■ EXERCISE BRIEF: Below is a listing to copy exactly; no image goes into the copy.

■ MATERIAL PROVIDED:
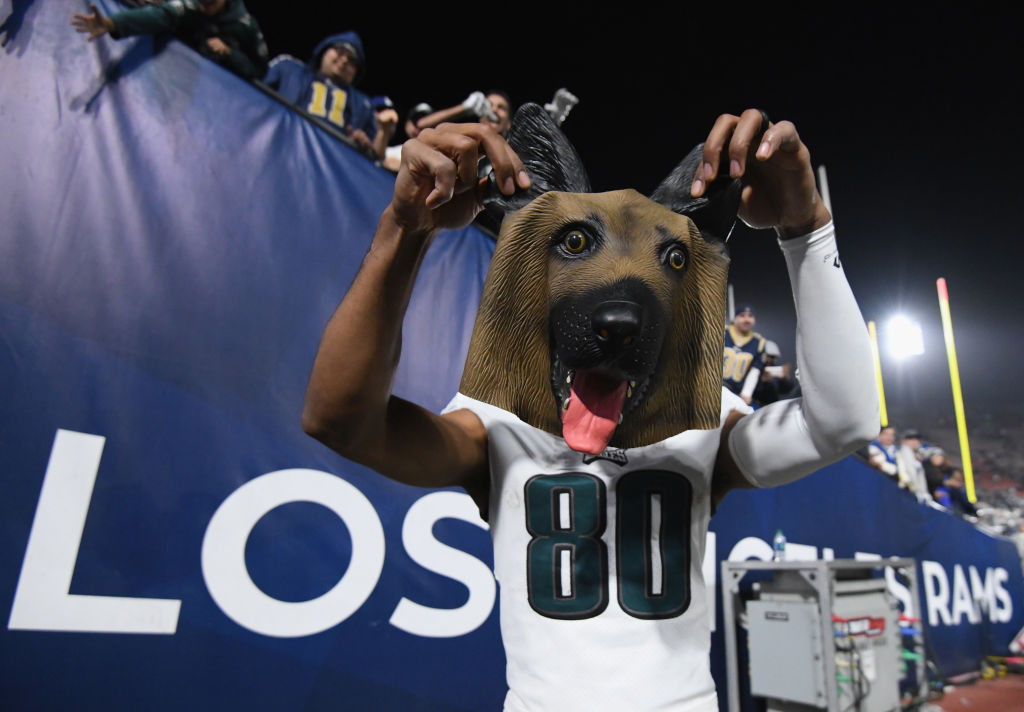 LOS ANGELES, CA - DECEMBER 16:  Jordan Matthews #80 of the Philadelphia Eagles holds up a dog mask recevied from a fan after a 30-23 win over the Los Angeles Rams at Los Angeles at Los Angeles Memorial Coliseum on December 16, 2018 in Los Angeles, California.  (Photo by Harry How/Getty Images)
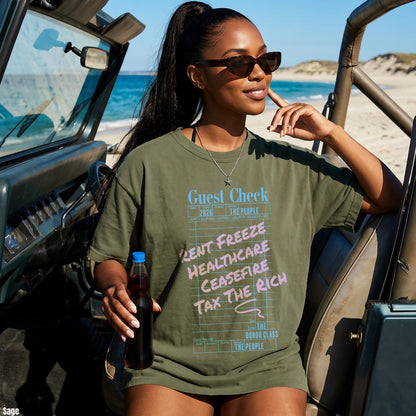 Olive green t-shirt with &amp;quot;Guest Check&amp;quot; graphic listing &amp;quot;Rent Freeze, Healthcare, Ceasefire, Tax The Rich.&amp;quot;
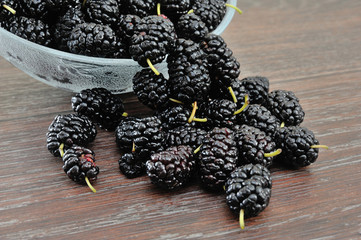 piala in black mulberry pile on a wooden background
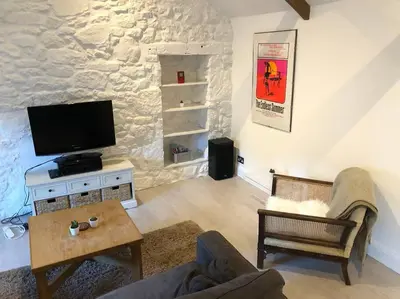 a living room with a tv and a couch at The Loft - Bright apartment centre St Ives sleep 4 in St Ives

■ WRITTEN RESPONSE:
 LOS ANGELES, CA - DECEMBER 16:  Jordan Matthews #80 of the Philadelphia Eagles holds up a dog mask recevied from a fan after a 30-23 win over the Los Angeles Rams at Los Angeles at Los Angeles Memorial Coliseum on December 16, 2018 in Los Angeles, California.  (Photo by Harry How/Getty Images)
 Olive green t-shirt with &amp;quot;Guest Check&amp;quot; graphic listing &amp;quot;Rent Freeze, Healthcare, Ceasefire, Tax The Rich.&amp;quot;
 piala in black mulberry pile on a wooden background
 a living room with a tv and a couch at The Loft - Bright apartment centre St Ives sleep 4 in St Ives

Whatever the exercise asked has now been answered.